第233話
【
サグラ○・ファミリアの上部を黒く塗ったような外観の刺々しい街である辺境都市エヴィルグランデ――。
とにかく建物を白く塗っていたのが印象的な海に隣接する地下都市フォーザイン――。
折れそうなほど背が高い建物が特徴的な天空都市チェチェック――。
色々と面白い魔王国の都市を巡ってきたけど、王都ディザーガンドはちょっと違う。
特徴がないというか……むしろあり過ぎるというか。
多分、王都に来るまでの色んな都市の特徴が渾然一体となってるんだろうね。
とにかく規則性がなく、街全体が混沌としてる感じだ。
私が見ただけでも、エヴィルグランデやフォーザイン、チェチェックで見たような建物がそこかしこで建っている。
で、見たことのない建物も建ってることから、プレイヤーとしては王都に来るまでに巡ってきた街の景色がごちゃ混ぜになった景観を楽しめるといったところなんだろう。
建物を見ながら、プレイヤー同士で、ここ行ったなぁ〜とか、あんなことあったよね〜とか、ちょっと思い出に浸れたりするギミックだと考えると面白い。
あと、クランの建物を作る時も、どの建築様式でも選べますみたいに考えると、プレイヤーにとっても人気の都市となりそうだ。
流石、王都といった感じ。
普通のプレイヤーはもっと時間をかけて、大冒険して、ようやく王都だー、おぉスゴイ! となるんだろうけど、私はその過程をすっ飛ばしてるからね……感動も半減で、ちょっと勿体ない気はしてるよ!
で、その王都の奥まった場所にひっそりとある私の店。
Gallery Yamamoto。
当初は暗黒の森で採れた新鮮な野菜などを売ろうとしてたんだけど、建物の場所が悪いのか、お客さんが全然入ってこないので食料品を扱うのをやめてギャラリーになってしまったお店である。
しかも、たった一週間に!
そもそもギャラリーになったのは、売れ残っても大丈夫なものを商品にしてみたらいいんじゃない? と思った結果なので別にギャラリーじゃなくても良かったんだけどね。
ほら、一流の絵師って個展とか開いたりするじゃない?
そういうのに、ちょっと憧れがあったというか……。
ゲームの中だし、思い切って個展……というか画廊を開いてみてもいいかなぁと思ってやってみた次第である。
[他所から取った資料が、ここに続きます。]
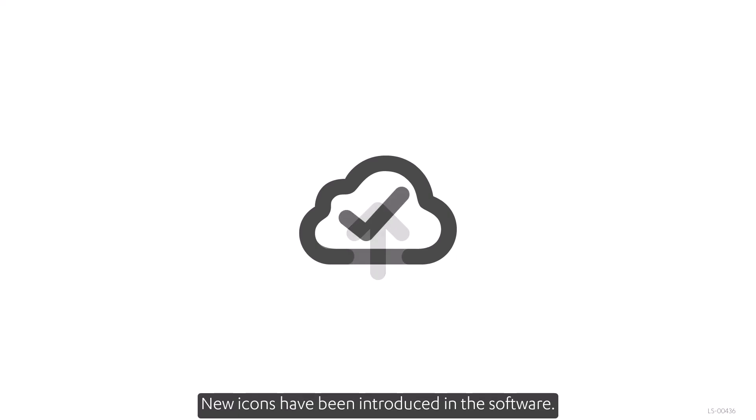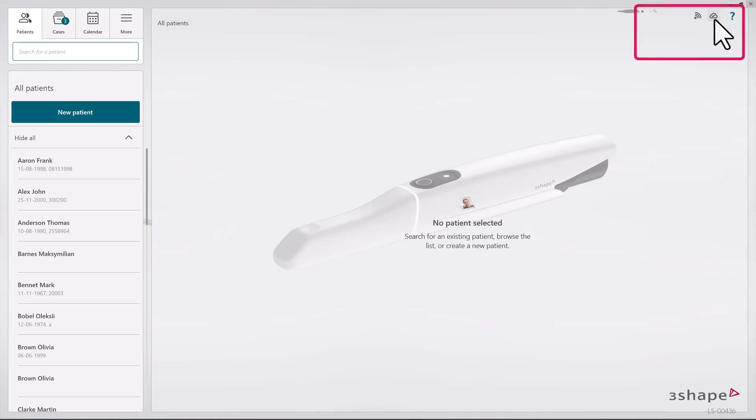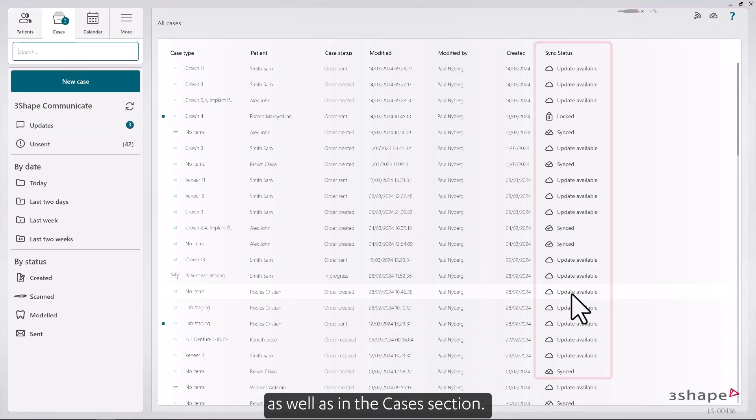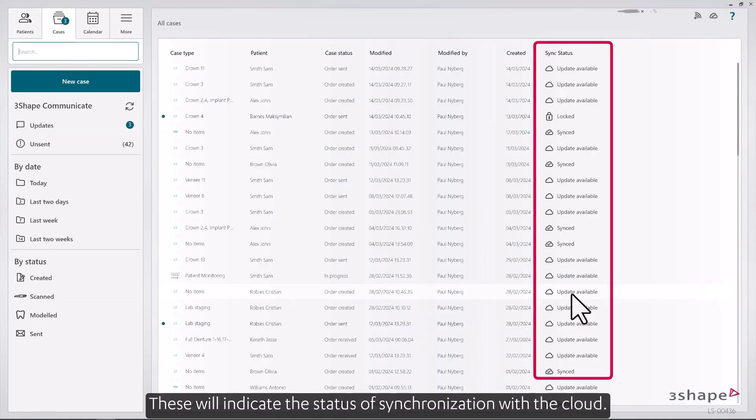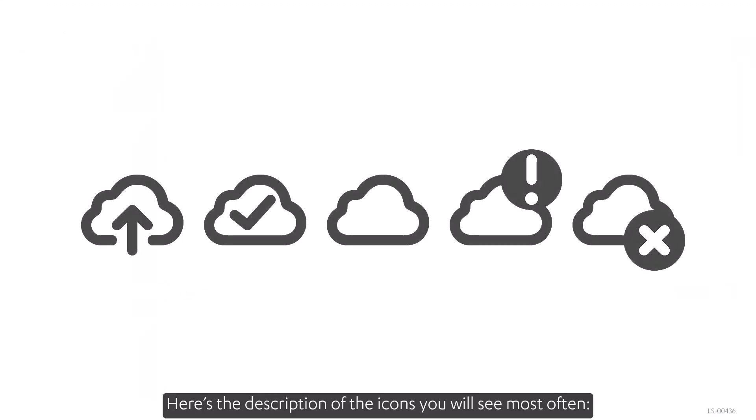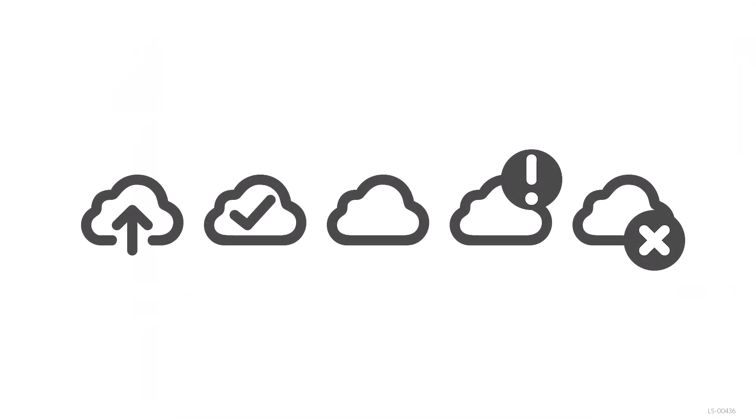New icons have been introduced in the software. You'll see them on the main page as well as in the Cases section. These will indicate the status of synchronization with the cloud. Here's a description of the icons you'll see most often.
なお、まだ主力商品である絵画は三枚しか飾られてないので、割りと殺風景。
その分、絵には力を入れて描いてはいるんだけどね。
それにしても、ギャラリーに飾るのが前提となると、なかなか絵を描く時に力が入るというか、妙にこだわり出すというか……。
色々と難しい部分はあったりします。はい。
「それにしても、暇だねぇ」
暇なのでカウンターで梅酒を飲みながら、適当に撮っておいたスクリーンショットを見返しつつ下書きを行う。
ちなみに梅酒はドリンクボックスから瓶に移し替えたものを手酌で飲んでる。
というか、ほぼドリンクボックスがクラン・せんぷくの方で占拠されてるので、自由に使えないのがネックなんだよねー。
新しく作ろうかな?
絵を描く道具はその辺の道具屋で安い画用紙と鉛筆と消しゴムを売っていたので、それを買った。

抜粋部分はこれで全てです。